Excerpts from a dataset

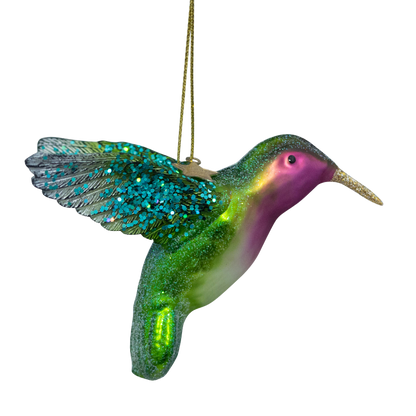Ornament glass green/purple hummingbird H8.5cm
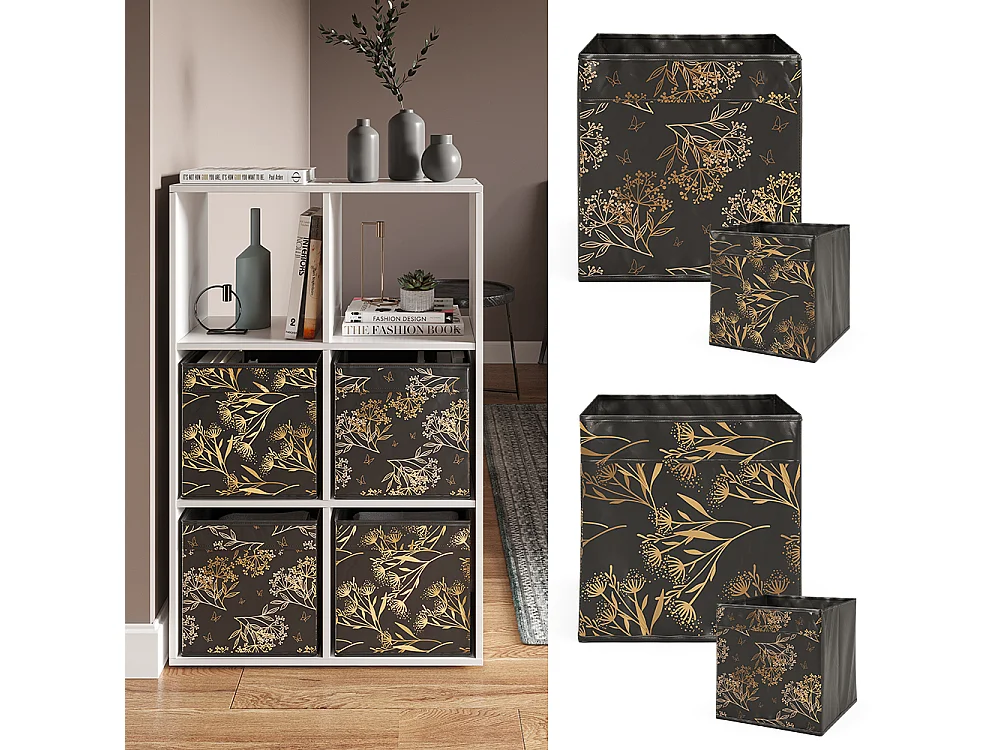 Opbergbox zwart/goud 30x30x30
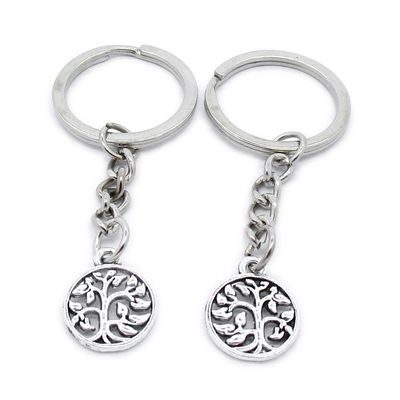 5 PCS Antique Silver Keyrings Keychains Key Ring Chains Tags Clasps AA461 Life String Tree Oak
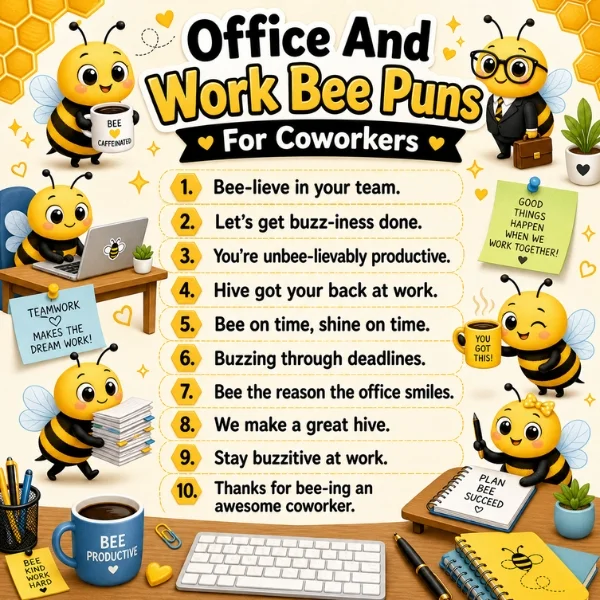 Office and work bee puns for coworkers poster with cute bees, desk items, and funny office-themed wordplay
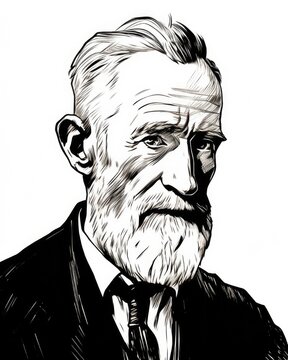 Vintage Line Drawing Illustration of George Bernard Shaw, the Iconic Irish Critic from 1856 to 1950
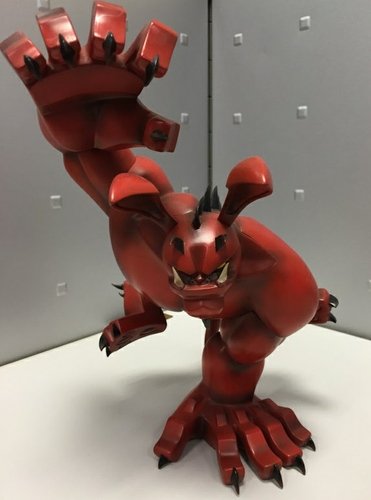 Hellboy figure, produced by Coarsetoys. Front view.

◆ HOW TO COMPLETE THIS TASK: Return all the data exactly, and keep the pictures out.

◆ TASK RESPONSE:
Ornament glass green/purple hummingbird H8.5cm
 Opbergbox zwart/goud 30x30x30
 5 PCS Antique Silver Keyrings Keychains Key Ring Chains Tags Clasps AA461 Life String Tree Oak
 Office and work bee puns for coworkers poster with cute bees, desk items, and funny office-themed wordplay
 Vintage Line Drawing Illustration of George Bernard Shaw, the Iconic Irish Critic from 1856 to 1950
 Hellboy figure, produced by Coarsetoys. Front view.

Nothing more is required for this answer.